The listing below should be reproduced exactly, with the pictures omitted.

## Exercise materials
'''
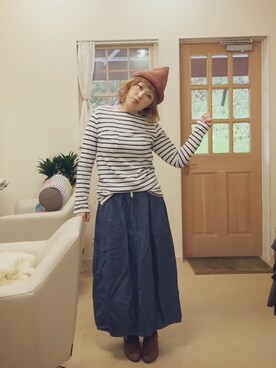 kaori.さんのコーディネート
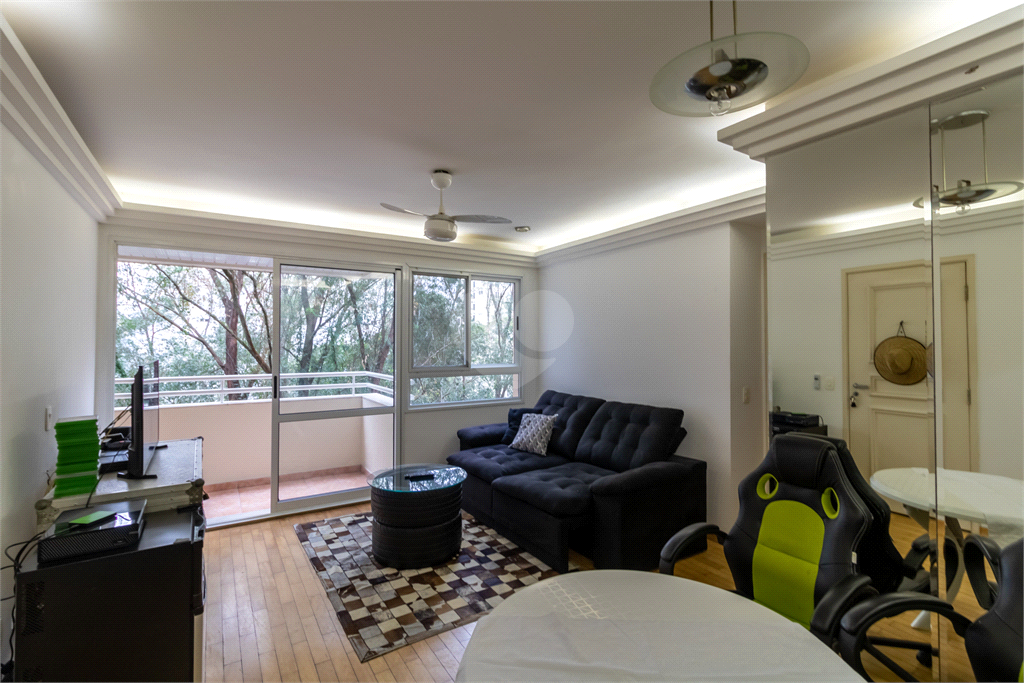 Venda Apartamento São Paulo Vila Andrade REO587349 1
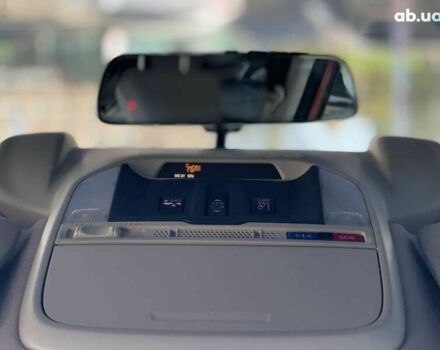 Субару Форестер 2020 в Днепре (Днепропетровске) на Automoto.ua Красный Субару Форестер, объемом двигателя 2.5 л и пробегом 94 тыс. км за 19900 $, фото 27 на Automoto.ua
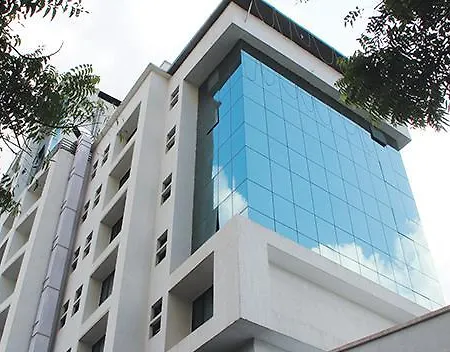The Caliph Hotel, Near Powai Hotel Mumbai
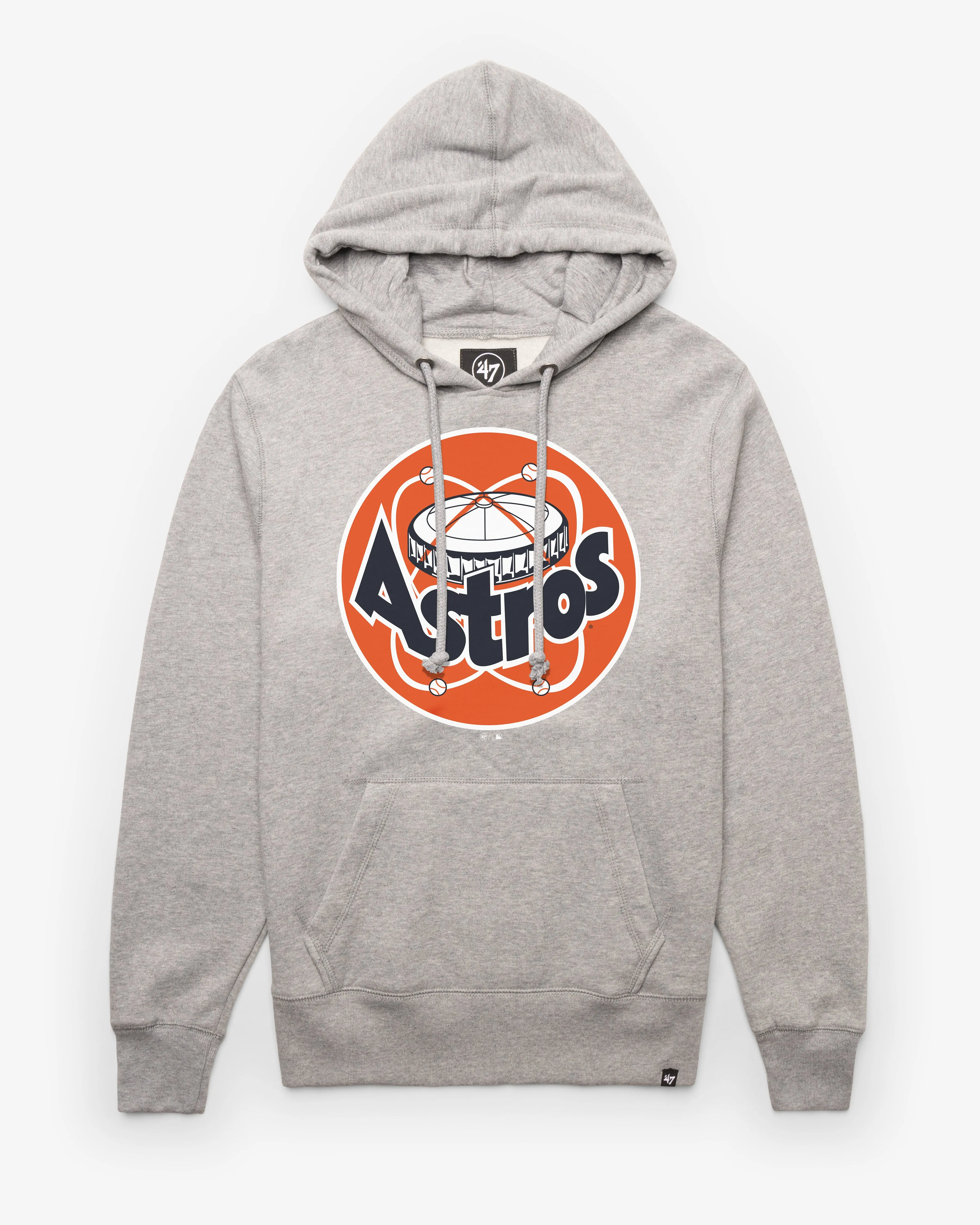 HOUSTON ASTROS COOPERSTOWN IMPRINT '47 HEADLINE HOOD sold by 47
'''
## Response to the exercise
 kaori.さんのコーディネート
 Venda Apartamento São Paulo Vila Andrade REO587349 1
 Субару Форестер 2020 в Днепре (Днепропетровске) на Automoto.ua Красный Субару Форестер, объемом двигателя 2.5 л и пробегом 94 тыс. км за 19900 $, фото 27 на Automoto.ua
The Caliph Hotel, Near Powai Hotel Mumbai
 HOUSTON ASTROS COOPERSTOWN IMPRINT '47 HEADLINE HOOD sold by 47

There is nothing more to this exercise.